I increase the batch size but the Memory-Usage of GPU decrease




As you can see when the batch size is 40 the Memory-Usage of GPU is about 9.0GB, when I increase the batch size to 50, the Memory-Usage of GPU decrease to 7.7GB. And I continued to increase the batch size to 60, and it increase to 9.2GB. Why the Memory-Usage of GPU was so high.According to the common sense, it should be lower than 7.7GB.

The displayed memory usage should show the CUDA context + the actual memory used to store tensors + cached memory + other applications.
Try to check the memory using torch.cuda.memory_allocated() and torch.cuda.memory_cached().

I add the flowing sentence in my code

                        if (iteration+1)%10 == 0:
                stop = time.time()
                print("epoch: [%d/%d]"%(epoch,EPOCHS), "iteration: [%d/%d]"%(iteration + 1,len(train_dataset)//BATCH_SIZE), "loss:%.4f" % loss.item(),
                      'time:%.4f' % (stop - start))

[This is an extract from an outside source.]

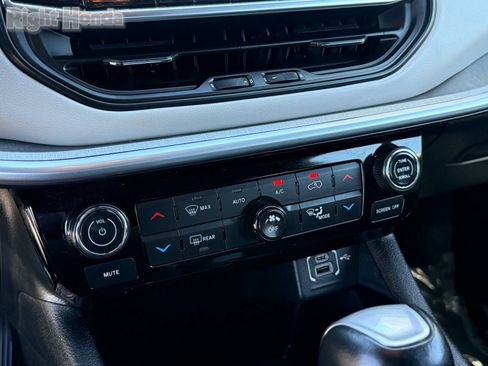 Used 2025 Jeep Compass Limited image 23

                print("torch.cuda.memory_allocated: %fGB"%(torch.cuda.memory_allocated()/1024/1024/1024))
                print("torch.cuda.memory_cached: %fGB"%(torch.cuda.memory_cached()/1024/1024/1024))
                start = time.time()

And the output in the terminal as follow:

(pt1.2) D:\code\rnn>python train_new.py -m test -b 40
epoch: [0/3000] iteration: [10/92] loss:0.1948 time:28.8928
torch.cuda.memory_allocated: 0.141236GB
torch.cuda.memory_cached: 8.539062GB
epoch: [0/3000] iteration: [20/92] loss:0.0986 time:6.5122
torch.cuda.memory_allocated: 0.141236GB
torch.cuda.memory_cached: 8.539062GB

(pt1.2) D:\code\rnn>python train_new.py -m test -b 50
epoch: [0/3000] iteration: [10/73] loss:0.1436 time:29.8940
torch.cuda.memory_allocated: 0.144663GB
torch.cuda.memory_cached: 7.197266GB
epoch: [0/3000] iteration: [20/73] loss:0.0644 time:7.6573
torch.cuda.memory_allocated: 0.144663GB
torch.cuda.memory_cached: 7.197266GB

(pt1.2) D:\code\rnn>python train_new.py -m test -b 60
epoch: [0/3000] iteration: [10/61] loss:0.1918 time:31.1637
torch.cuda.memory_allocated: 0.151530GB
torch.cuda.memory_cached: 8.666016GB
epoch: [0/3000] iteration: [20/61] loss:0.0936 time:8.8493
torch.cuda.memory_allocated: 0.151408GB
torch.cuda.memory_cached: 8.666016GB

Since the allocated memory increases with a higher batch size, it looks fine. :slight_smile:

yes, but I wonder why the memory cached of b40 will be larger than b50. It will be difficult for me to set the proper batch size.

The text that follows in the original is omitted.